Se há situação que precisa ser enfrentada, não dá para empurrar para debaixo do tapete. O Brasil precisa endereçar o problema fiscal. Temos um endividamento alto, perto de 90% do PIB, e está sendo empurrado para depois da eleição. O orçamento de 2021 é outro exemplo: ao invés de priorizar o enfrentamento à pandemia, se privilegiou o direcionamento de recurso para curral eleitoral de parlamentar. A liderança precisa conversar com políticos, empresários, com o Brasil, e convencer do caminho a ser trilhado.
O senhor atua na defesa do ambiente e da educação. Por que pautas tão fundamentais não estão na agenda dos governantes?

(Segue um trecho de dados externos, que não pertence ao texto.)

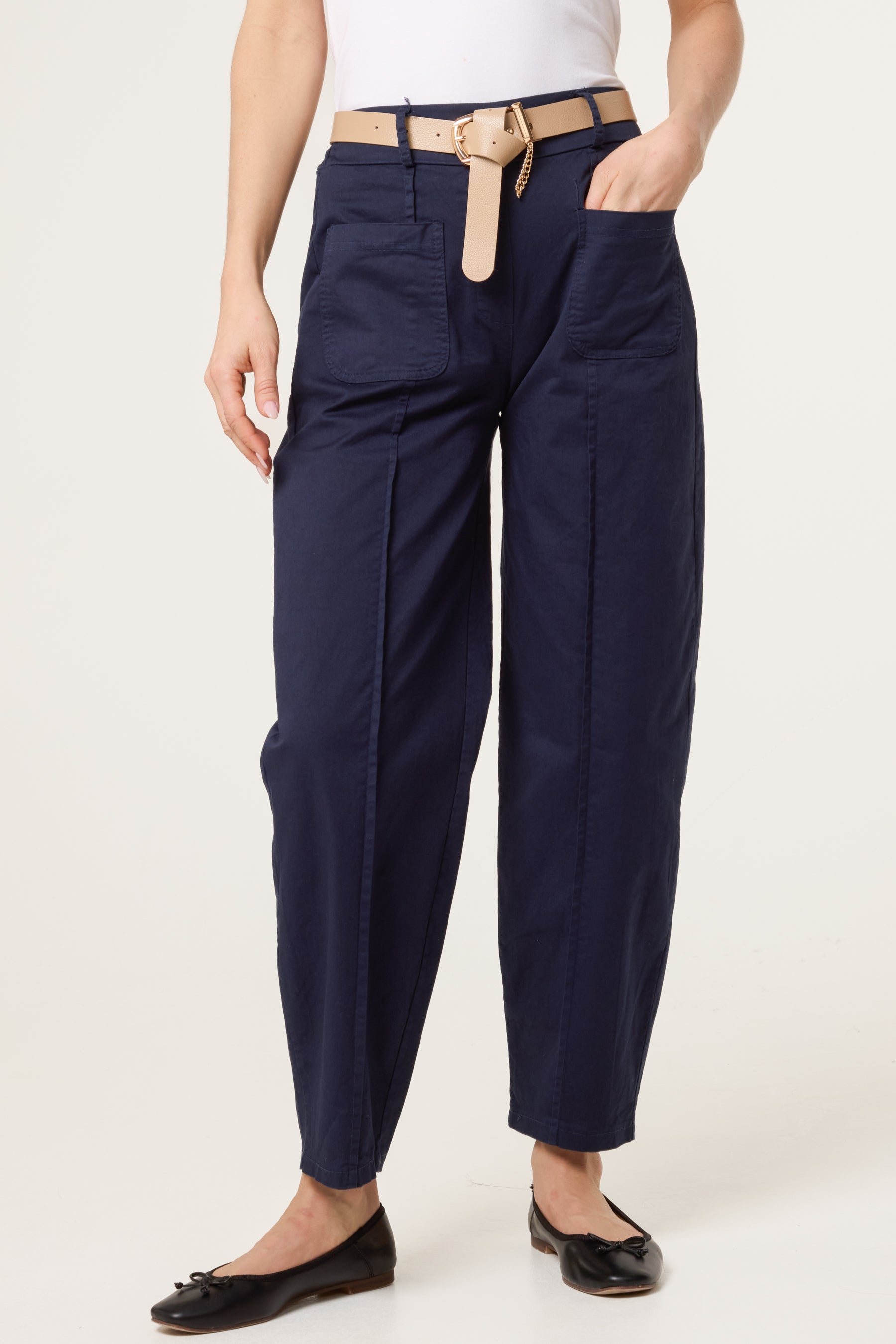 Belted Front Pocket Barrel Trousers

Educação tem de virar obsessão nacional. Em tempo integral, com um projeto de vida, formação profissional e tecnológica. Precisamos de um líder que abrace a educação básica como prioridade. É preciso um mutirão no país tal como há pela vacina: envolver as igrejas, os meios de comunicação, todo mundo. Na questão ambiental, primeira coisa a fazer é acabar com a ilegalidade na Amazônia. Desmatamento, garimpo, grilagem, tudo isso é péssimo para o país. Os brasileiros ligados às cadeias mundiais de suprimento estão sofrendo retaliação. Não precisa derrubar uma árvore para aumentar a produção pecuária ou de grãos, tem terra suficiente. Na hora de colocar o dinheiro, os fundos de investimento que têm hoje US$ 100 trilhões vão olhar se o país está cuidando da questão ambiental. Quem não estiver, que pelo menos tenha inteligência para ganhar dinheiro.